In der Binnenschifffahrt gibt es keine speziellen Lotsenboote. Auf dem Mittelrhein gibt es zwar ein Schiff mit dem Namen Pilot. Dabei handelt es sich aber um einen Vorspannschlepper, der schwach motorisierte Binnenschiffe durch Stromabschnitte mit starker Strömung zieht.
Bei modernen Lotsenbooten sind rundum Gummikanten bzw. -wülste angebracht, die die sonst in der Schifffahrt üblichen Fender ersetzen. An älteren Versetzbooten sieht man nach wie vor alte Autoreifen, die ein Scheuern der Bordwände verhindern.

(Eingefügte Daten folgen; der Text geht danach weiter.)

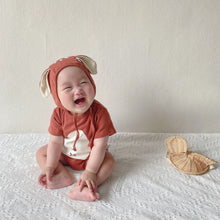 Load image into Gallery viewer, 32320LS-Summer Korean style deer shape short-sleeved bodysuit + hat two-piece set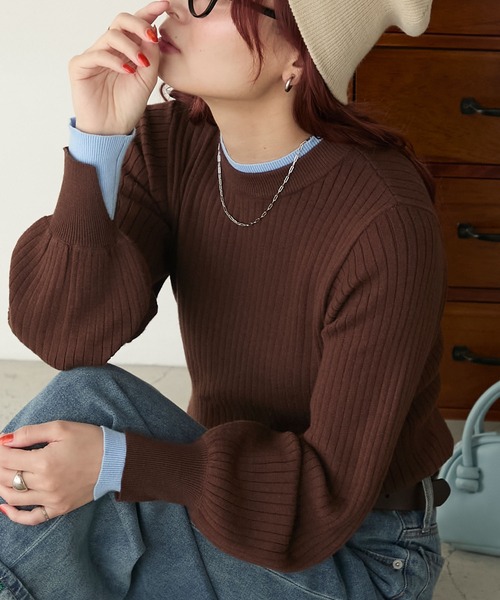 BONLECILL（ボンルシール）の「【至福のカヌレニット】レイヤード風ハイネックボリュームスリーブ リブニットプルオーバー（ニット/セーター・レディース・アイボリー/ブラック/杢グレー/ネイビー/ブラック×ホワイト/レッド/オレンジ/ベージュ/ブラック系1/ピンク/グリーン/チャコールグレー/ライトブルー/ダークグリーン/ネイビー系2/ブラック系2/ダークオレンジ/ブルー/マスタード/ホワイト×ブラック/ネイビー系3/レッド系1/ネイビー系1/グレー系1/アイボリー系1/ブラウン/ボルドー・M/L）」の10枚目の写真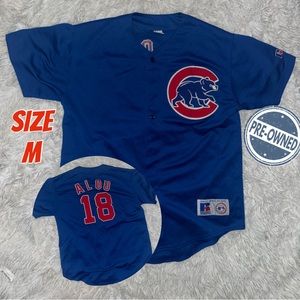 Russell Athletic MLB Chicago Cubs Blue Jersey ALOU #18 Men’s Size M Vintage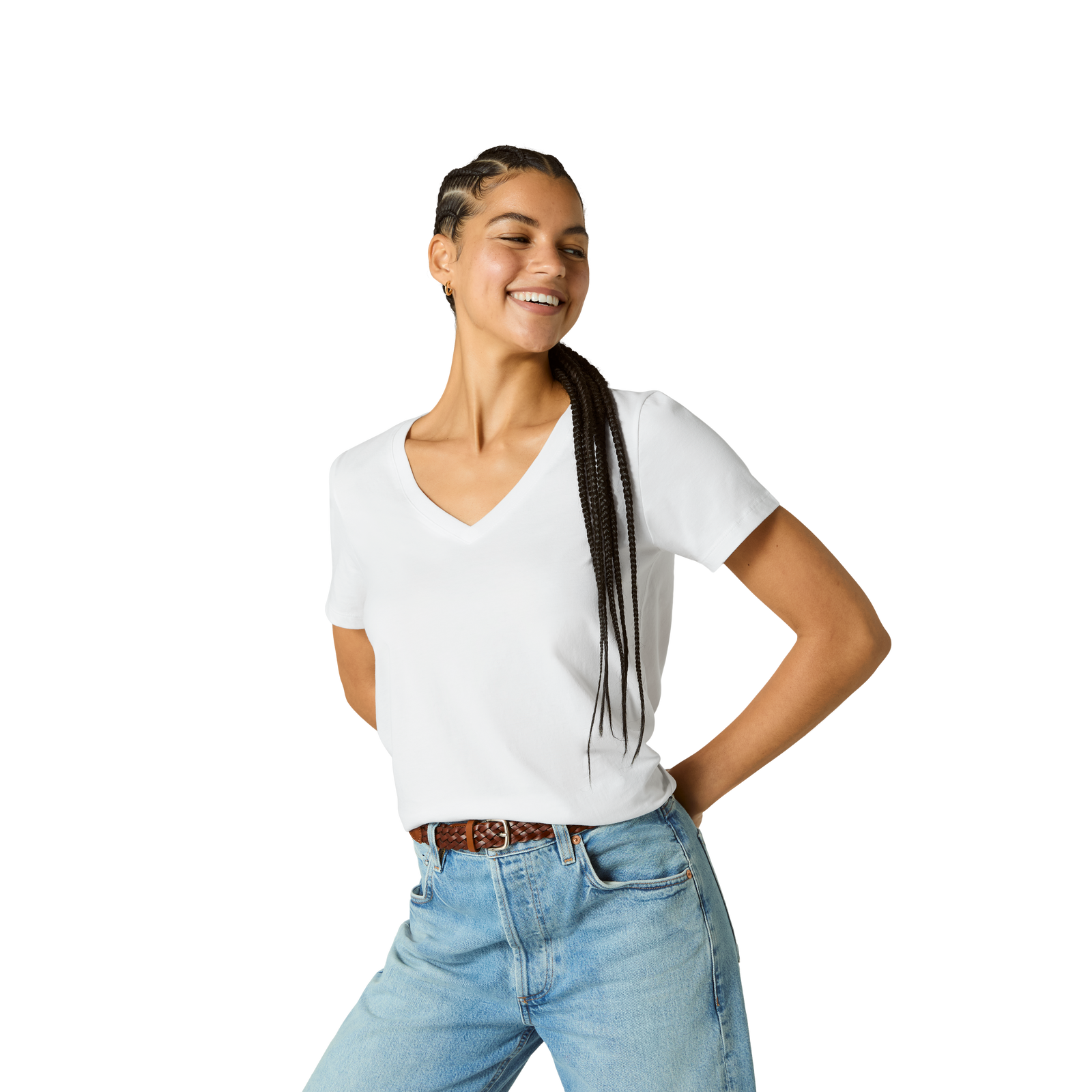 Pima Cotton V-Neck T-Shirt - White WO4 [8738]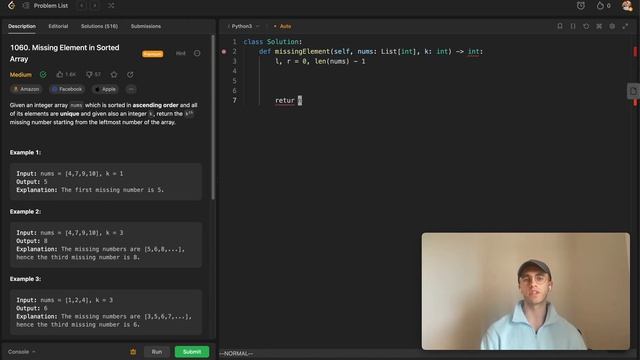 1060. Missing Element in Sorted Array - Leetcode Python Solution смотреть онлайн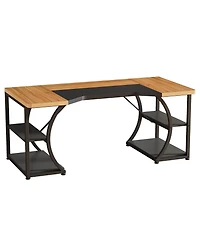 Tribesigns 63-Inch Executive Desk, Large Office Computer Desk with Double Pedestal, Modern Simple Workstations Writing Table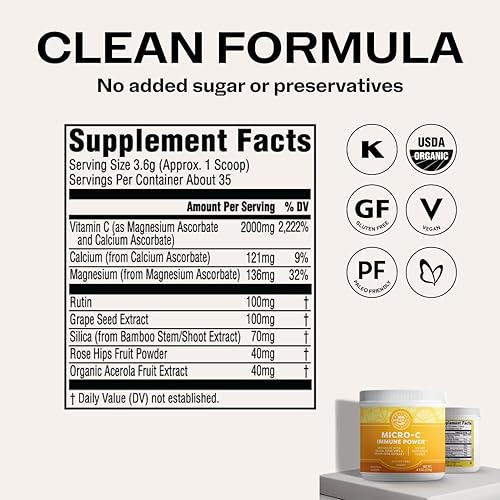 Miniatura 6 de Vimergy Micro-C Immune Power TM* - Tamaño para viajes, 34 porciones de 2000mg – Forma suave – Fitonutrientes antioxidantes – Apoyo inmune y nervioso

Der Lotse steigt während der Fahrt vom Lotsenversetzer auf das zu lotsende Schiff. Dazu nähert sich das Versetzboot auf der zuvor abgesprochenen Seite dem Schiff und steuert den Übergangspunkt von achtern an. Außerdem muss die abgesprochene Geschwindigkeit von Schiff und Versetzer angeglichen und eingehalten werden.
Vielfach sind die Lotsenboote mit Stufen- und Podestkonstruktionen versehen, um den Lotsen einen möglichst gefahrlosen Übergang zum zu lotsenden Schiff zu ermöglichen. Dieser Übergang kann je nach Ausstattung des zu lotsenden Schiffes mit einer Lotsenleiter, einer Gangway oder durch eine Lotsenpforte erfolgen. Dabei spielt auch eine Rolle, wie hoch die Bordwand ist, ob das Schiff leer fährt oder wie tief es abgeladen ist. Im Regelfall unterstützt ein Matrose des Versetzbootes den Lotsen beim Übergang.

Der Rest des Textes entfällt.